PP - Que outros pormenores podes adiantar relativamente ao teu novo álbum? A nível de produção e participações especiais, por exemplo...

Deau - Como sabes, no primeiro álbum trabalhei exclusivamente com o DJ D-One. Neste, trabalhei maioritariamente com o Expeão e com o DJ Player. Nos campos das participações, pude contar com a ajuda de artistas como Bezegol, Expeão, Ana Lu e Ace. Foi muito gratificante trabalhar com estas pessoas.

PP - Qual a grande diferença entre este e o teu disco de estreia?

Deau - Era muito novo quando escrevi o primeiro. Agora as experiências e as vivências são outras. Há alguma maturidade. Enquanto o primeiro era quase uma introdução no meio, uma afirmação, agora as coisas são diferentes. As pessoas já me conhecem. Já se torna mais pessoal, mais íntimo.

PP - “A minha ambição na vida é uma coisa única, fazer música de rua e levá-la à Casa da Música”. Esta é a rima que apresenta o teu concerto de sexta-feira, no Porto. É uma vontade que te acompanha há muito tempo?

Deau - Fiz essa rima em 2008, para uma mixtape do DJ Player, intitulada "Reprogramação". Tinha 18 anos e era uma coisa que eu queria muito. Era uma ambição minha. Hoje em dia, passados alguns anos, estou a torná-la possível. Falando novamente dos locais icónicos da cidade Invicta: o Hard Club é outro dos palco que eu sempre ambicionei muito. E é bom ver, com o passar do tempo, os sonhos concretizarem-se.

PP - E vais tocar o teu álbum novo na íntegra?

Deau - Não.
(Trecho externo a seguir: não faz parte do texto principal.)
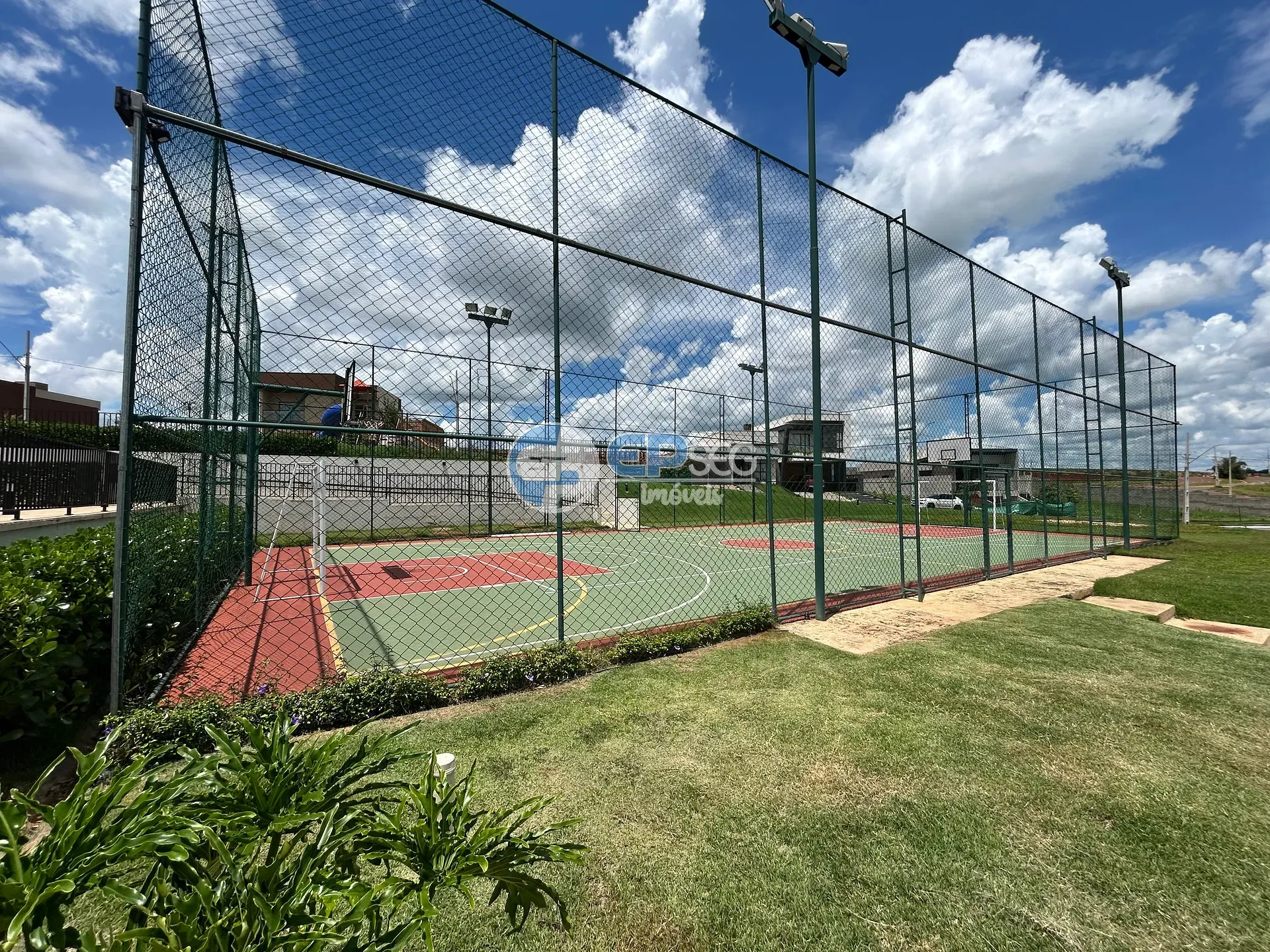 Casa, 4 quartos, 206 m² - Foto 40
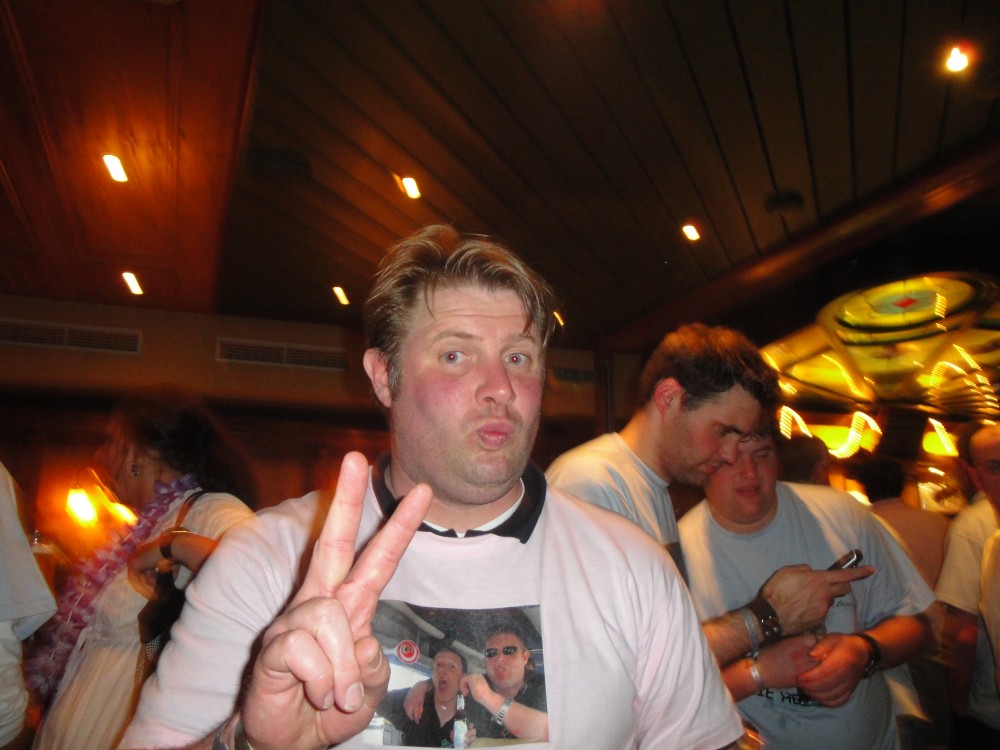 DSC01335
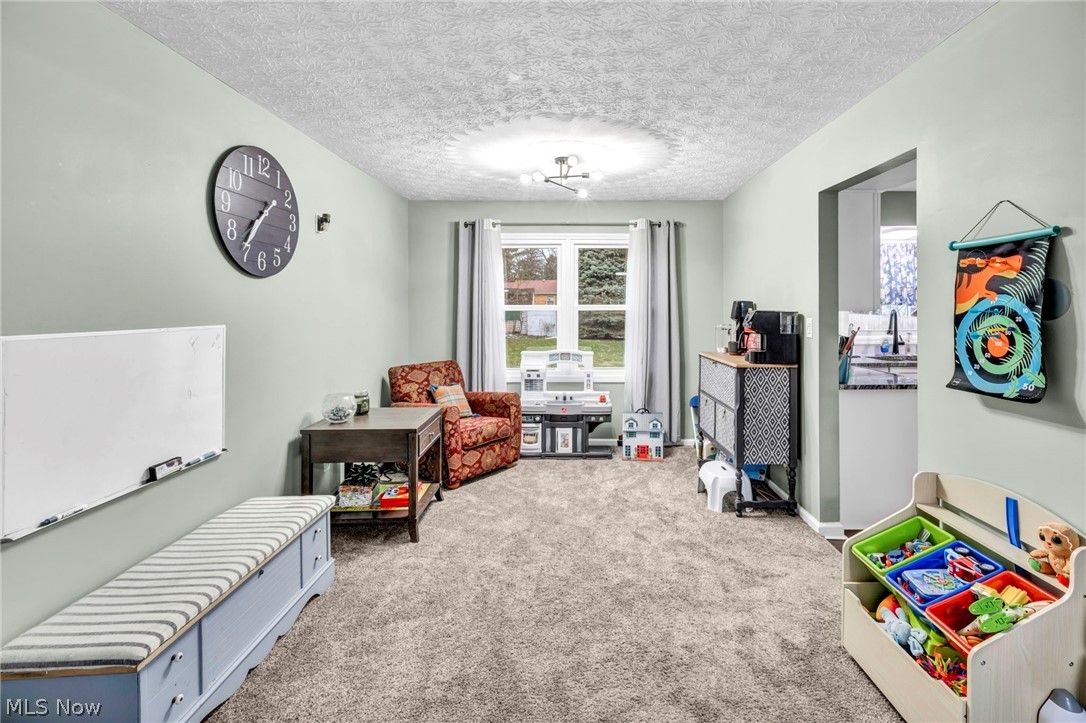 Galehouse - Residential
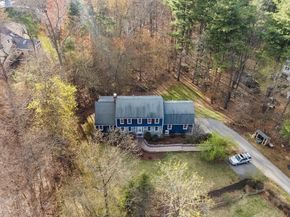 7 Providence Rd, Westford MA 01886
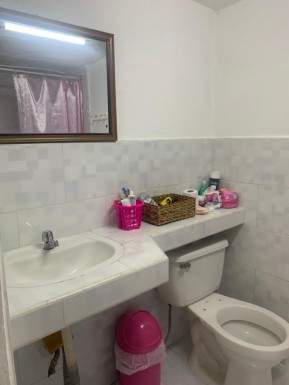 Apartment with 2 bedrooms for sale in Plaza de la Revolución, La Habana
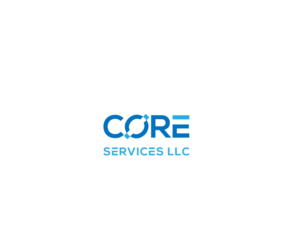 Logo Design by ikramhsakib for this project | Design: #25192968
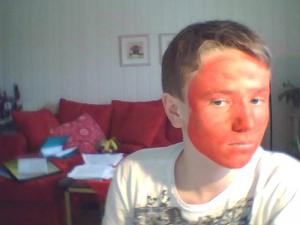 post-154625-1237394914_thumb.jpg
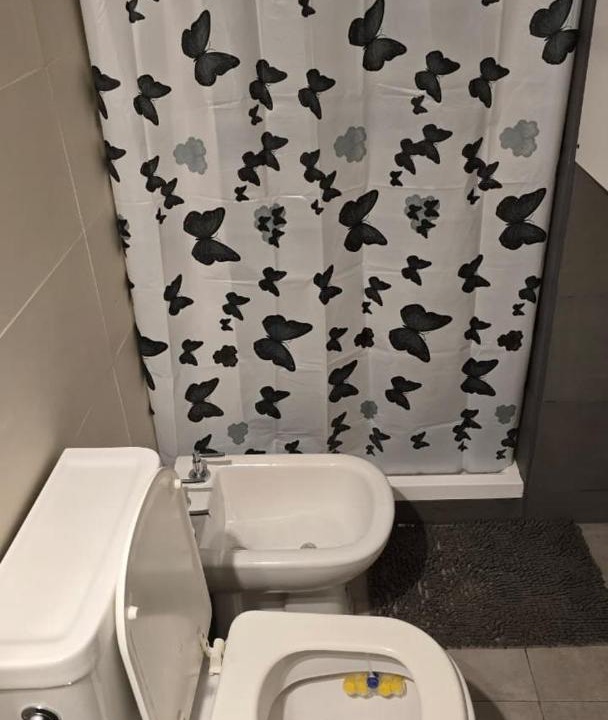 Photo of Bathroom in El Palomar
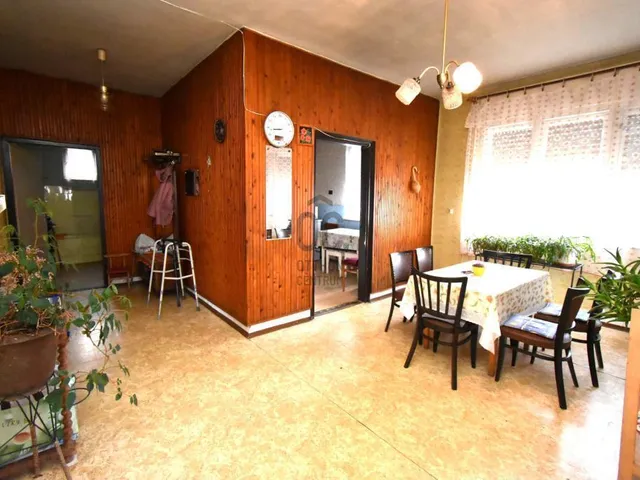 Eladó ház Kálócfa 80 nm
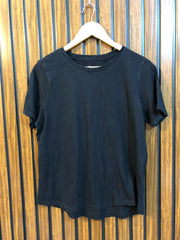 Chest 21  Lenght 23 Casual Cool Women’s T-Shirts Collection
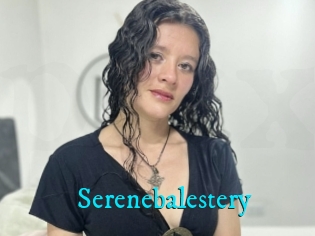 Serenebalestery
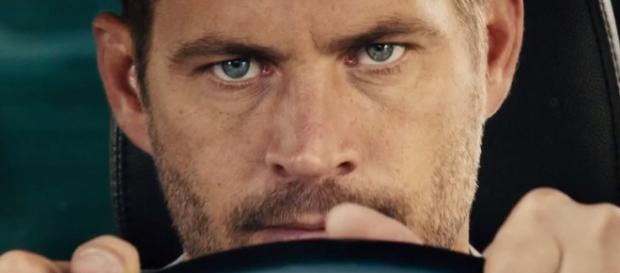 Paul Walker died in a car accident / flickr Paul Walker died in a car accident / flickr
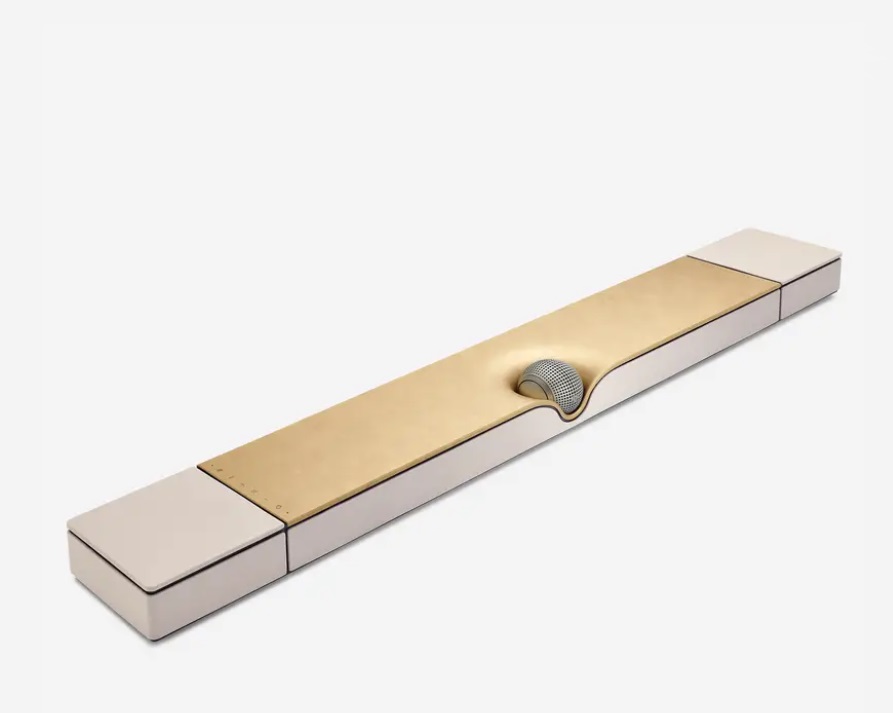 Devialet Dione Opera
Vou tocar alguns temas novos, intercalados com músicas antigas. Até porque algumas canções são evoluções de outras, de formas de pensar e estar. E, lá está, como eu tenho uma vertente mais biográfica na música, essa ligação acaba por acontecer de forma natural. Algumas músicas deste álbum foram escritas quando estava a gravar o primeiro. Tenho, inclusive, algumas referências temporais ao longo do álbum, coisa que não fiz no primeiro.

PP - Devido à sua génese, imagino o tema “Diz-me Só” tocado – totalmente ou parcialmente – com banda. Será o caso do concerto de sexta?

Deau - Neste momento, vai ser apenas com DJ/produtor, porque se trata de uma pré-apresentação... Talvez no futuro, quem sabe... Neste momento, quero matar saudades de palco, já não toco há imenso tempo. Um ano e meio, se não me engano. Bate-me a ansiedade de ver a reação do público, o feedback espontâneo que temos quando atuamos ao vivo.

PP - És um MC conhecido pela tua faceta de improviso. Tens o hábito de dar freestyles a meio dos concertos?

Deau - É algo que acontece de forma quase instintiva, sabes? Se o público estiver a puxar para isso, sinto vontade de o fazer. É como na rua. Quando eu sinto que se criou uma ligação, que está o ambiente ideal, faço-o. Em concerto acaba por ser, também, uma maneira de envolver as pessoas naquele momento, porque não há outro igual. É único, não se repete.